ECLI:NL:HR:2002:ZC8134
Hoge Raad
- Cassatie
- E. Korthals Altes
- L. Monné
- P.J. van Amersfoort
- J.W. van den Berge
- A.R. Leemreis
- Rechtspraak.nl
Cassatie over de heffingsrente bij uitstel van betaling in de inkomstenbelasting
In deze zaak gaat het om een beroep in cassatie van belanghebbende X te Z tegen een uitspraak van het Gerechtshof te 's-Hertogenbosch van 28 januari 2000, betreffende een aanslag in de inkomstenbelasting/premie volksverzekeringen voor het jaar 1993. De aanslag was opgelegd naar een belastbaar inkomen van ƒ 14.656 en werd na bezwaar door de Inspecteur gehandhaafd. Het Hof bevestigde deze uitspraak, waarna belanghebbende cassatie instelde. De Staatssecretaris van Financiën diende een verweerschrift in, en de Advocaat-Generaal J.W. Ilsink concludeerde tot ongegrondverklaring van het beroep in cassatie.

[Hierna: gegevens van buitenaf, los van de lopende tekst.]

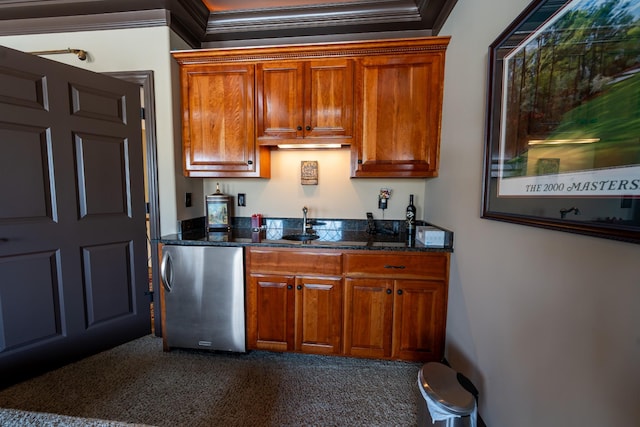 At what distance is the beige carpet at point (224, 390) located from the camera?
1.47 meters

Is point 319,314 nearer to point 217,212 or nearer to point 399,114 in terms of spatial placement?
point 217,212

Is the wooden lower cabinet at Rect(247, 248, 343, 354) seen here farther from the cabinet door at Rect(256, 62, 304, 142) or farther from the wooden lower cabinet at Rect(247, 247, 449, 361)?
the cabinet door at Rect(256, 62, 304, 142)

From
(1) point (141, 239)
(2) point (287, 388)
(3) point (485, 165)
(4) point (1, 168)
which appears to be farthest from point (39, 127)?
(3) point (485, 165)

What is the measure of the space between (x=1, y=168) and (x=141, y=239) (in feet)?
3.04

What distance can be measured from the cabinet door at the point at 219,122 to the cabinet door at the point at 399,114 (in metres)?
0.92

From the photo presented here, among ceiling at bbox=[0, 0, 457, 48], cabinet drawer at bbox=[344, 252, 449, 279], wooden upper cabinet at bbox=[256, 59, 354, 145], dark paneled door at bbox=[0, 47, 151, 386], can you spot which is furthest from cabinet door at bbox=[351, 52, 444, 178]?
dark paneled door at bbox=[0, 47, 151, 386]

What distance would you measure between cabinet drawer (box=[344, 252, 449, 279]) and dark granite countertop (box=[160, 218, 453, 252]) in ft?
0.19

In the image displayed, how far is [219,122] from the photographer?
7.16 feet

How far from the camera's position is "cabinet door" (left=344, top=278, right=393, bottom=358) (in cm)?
183

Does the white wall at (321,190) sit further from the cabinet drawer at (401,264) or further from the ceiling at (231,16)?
the ceiling at (231,16)

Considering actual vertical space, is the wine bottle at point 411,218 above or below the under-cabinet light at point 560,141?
below

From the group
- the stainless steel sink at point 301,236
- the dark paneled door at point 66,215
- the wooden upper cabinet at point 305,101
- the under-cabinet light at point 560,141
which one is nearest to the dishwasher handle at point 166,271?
the dark paneled door at point 66,215

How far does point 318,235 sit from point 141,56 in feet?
7.08

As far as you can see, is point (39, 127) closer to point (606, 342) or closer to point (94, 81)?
point (94, 81) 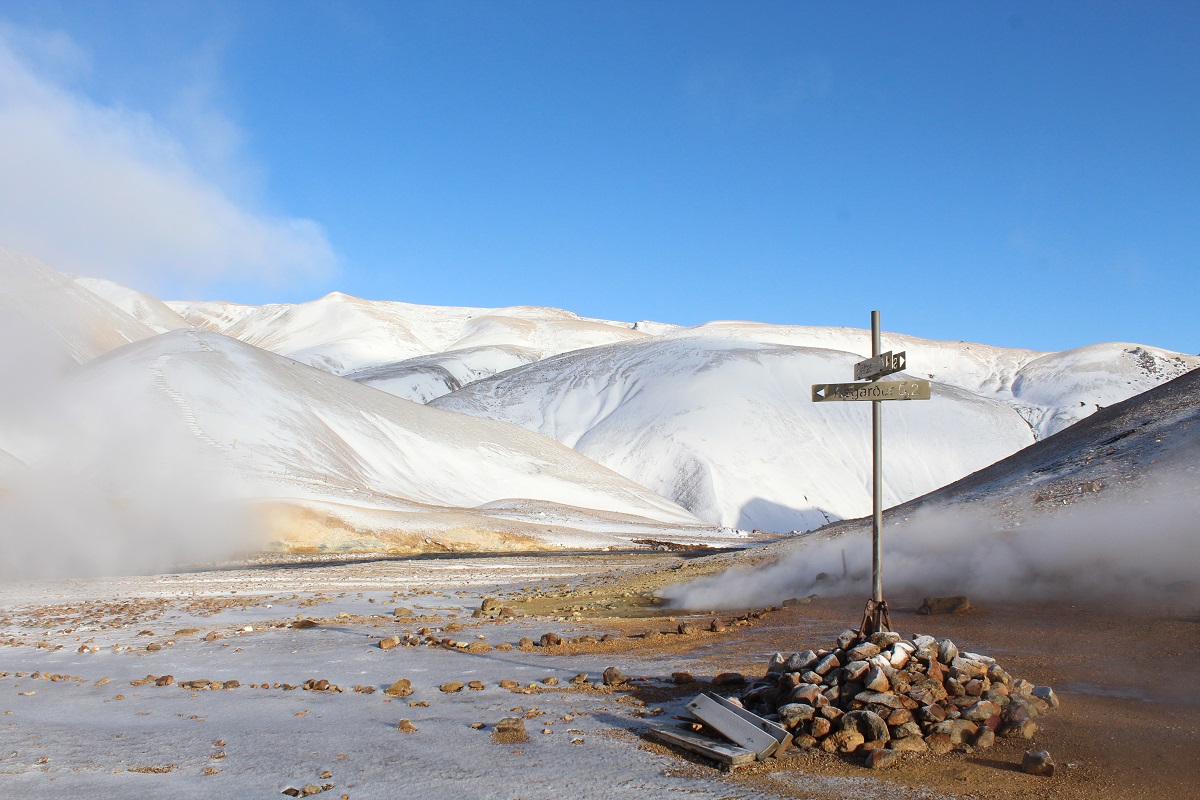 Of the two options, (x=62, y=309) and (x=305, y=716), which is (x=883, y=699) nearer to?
(x=305, y=716)

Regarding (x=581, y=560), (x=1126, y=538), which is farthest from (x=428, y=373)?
(x=1126, y=538)

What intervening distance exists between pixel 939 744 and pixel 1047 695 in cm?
153

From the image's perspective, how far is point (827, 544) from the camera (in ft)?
80.3

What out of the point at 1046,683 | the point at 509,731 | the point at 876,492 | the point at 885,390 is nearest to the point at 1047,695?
the point at 1046,683

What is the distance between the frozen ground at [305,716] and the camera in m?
6.99

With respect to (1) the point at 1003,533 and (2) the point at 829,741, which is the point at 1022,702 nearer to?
(2) the point at 829,741

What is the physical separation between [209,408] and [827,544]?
49.9m

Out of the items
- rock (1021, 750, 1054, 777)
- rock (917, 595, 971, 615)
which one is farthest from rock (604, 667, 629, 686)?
rock (917, 595, 971, 615)

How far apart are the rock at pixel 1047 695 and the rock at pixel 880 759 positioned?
1.95m

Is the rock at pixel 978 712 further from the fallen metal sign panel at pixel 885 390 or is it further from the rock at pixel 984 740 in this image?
the fallen metal sign panel at pixel 885 390

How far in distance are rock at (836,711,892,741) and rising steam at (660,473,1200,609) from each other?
7.29 m

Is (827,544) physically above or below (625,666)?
above

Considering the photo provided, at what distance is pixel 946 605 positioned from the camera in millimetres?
13938

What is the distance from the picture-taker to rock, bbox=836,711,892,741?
7285 mm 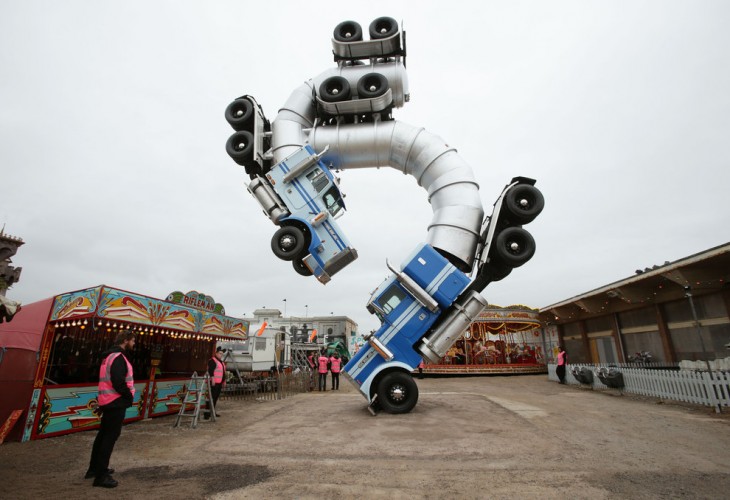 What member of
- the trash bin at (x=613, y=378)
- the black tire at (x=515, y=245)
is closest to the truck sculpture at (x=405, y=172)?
the black tire at (x=515, y=245)

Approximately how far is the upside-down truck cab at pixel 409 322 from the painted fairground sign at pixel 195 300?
205 inches

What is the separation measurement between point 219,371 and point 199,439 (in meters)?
2.77

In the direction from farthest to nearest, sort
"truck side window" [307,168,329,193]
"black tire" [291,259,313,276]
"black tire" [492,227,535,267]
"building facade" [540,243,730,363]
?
"building facade" [540,243,730,363] < "truck side window" [307,168,329,193] < "black tire" [291,259,313,276] < "black tire" [492,227,535,267]

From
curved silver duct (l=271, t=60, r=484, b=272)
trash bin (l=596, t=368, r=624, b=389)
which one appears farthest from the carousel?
curved silver duct (l=271, t=60, r=484, b=272)

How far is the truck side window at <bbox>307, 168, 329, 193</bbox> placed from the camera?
1015cm

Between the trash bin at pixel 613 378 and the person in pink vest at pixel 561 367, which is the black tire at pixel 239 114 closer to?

De Hoge Raad beoordeelt de klachten van belanghebbende, waarbij het gaat om de vraag of de heffingsrente, die in rekening was gebracht bij de aanslag, rentedragend is geworden na het verlenen van uitstel van betaling. De Hoge Raad stelt vast dat, op grond van de Invorderingswet 1990, bij overschrijding van de betalingstermijn invorderingsrente in rekening wordt gebracht. De Hoge Raad oordeelt dat de heffingsrente ten tijde van het verlenen van uitstel van betaling nog niet vaststond, omdat belanghebbende tijdig een rechtsmiddel had aangewend. Hierdoor kon de heffingsrente niet als rentedragend worden beschouwd.

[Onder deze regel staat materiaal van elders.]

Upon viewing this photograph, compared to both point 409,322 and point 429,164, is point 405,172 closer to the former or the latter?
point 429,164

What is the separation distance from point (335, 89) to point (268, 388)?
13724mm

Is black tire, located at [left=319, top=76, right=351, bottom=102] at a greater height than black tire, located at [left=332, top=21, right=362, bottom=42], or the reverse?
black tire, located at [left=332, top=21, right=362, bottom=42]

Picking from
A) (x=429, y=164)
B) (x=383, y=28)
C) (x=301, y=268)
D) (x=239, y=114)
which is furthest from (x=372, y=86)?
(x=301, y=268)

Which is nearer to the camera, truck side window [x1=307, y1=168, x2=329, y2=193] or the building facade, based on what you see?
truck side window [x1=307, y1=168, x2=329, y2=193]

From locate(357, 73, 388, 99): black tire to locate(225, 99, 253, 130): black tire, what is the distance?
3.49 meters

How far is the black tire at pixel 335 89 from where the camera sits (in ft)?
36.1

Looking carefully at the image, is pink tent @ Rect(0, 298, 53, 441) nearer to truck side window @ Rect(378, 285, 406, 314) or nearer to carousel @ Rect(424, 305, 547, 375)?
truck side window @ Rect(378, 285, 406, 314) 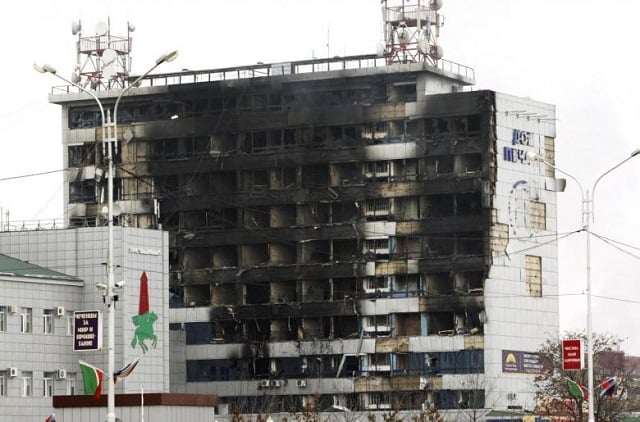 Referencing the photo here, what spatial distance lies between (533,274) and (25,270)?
40044mm

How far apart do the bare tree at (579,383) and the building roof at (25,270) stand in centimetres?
2946

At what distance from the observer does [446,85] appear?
128 meters

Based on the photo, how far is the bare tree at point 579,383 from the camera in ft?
336

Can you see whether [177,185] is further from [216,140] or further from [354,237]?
[354,237]

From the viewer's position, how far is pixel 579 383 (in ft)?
348

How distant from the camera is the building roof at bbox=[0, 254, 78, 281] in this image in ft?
334

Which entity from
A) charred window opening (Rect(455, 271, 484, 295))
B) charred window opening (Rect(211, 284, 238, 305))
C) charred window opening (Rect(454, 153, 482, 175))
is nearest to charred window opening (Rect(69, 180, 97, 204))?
charred window opening (Rect(211, 284, 238, 305))

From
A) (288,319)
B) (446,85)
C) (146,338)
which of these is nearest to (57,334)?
(146,338)

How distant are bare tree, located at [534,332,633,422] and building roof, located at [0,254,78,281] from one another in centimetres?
2946

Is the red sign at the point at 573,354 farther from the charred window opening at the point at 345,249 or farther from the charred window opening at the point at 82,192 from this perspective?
the charred window opening at the point at 82,192

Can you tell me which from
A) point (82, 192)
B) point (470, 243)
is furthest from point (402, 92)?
point (82, 192)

De Hoge Raad verklaart het beroep ongegrond en oordeelt dat de klachten van belanghebbende niet tot cassatie kunnen leiden. Dit arrest is gewezen door de vice-president E. Korthals Altes als voorzitter, en de raadsheren L. Monné, P.J. van Amersfoort, J.W. van den Berge en A.R. Leemreis, in tegenwoordigheid van de waarnemend griffier A.I. Boussak-Leeksma, en in het openbaar uitgesproken op 1 februari 2002.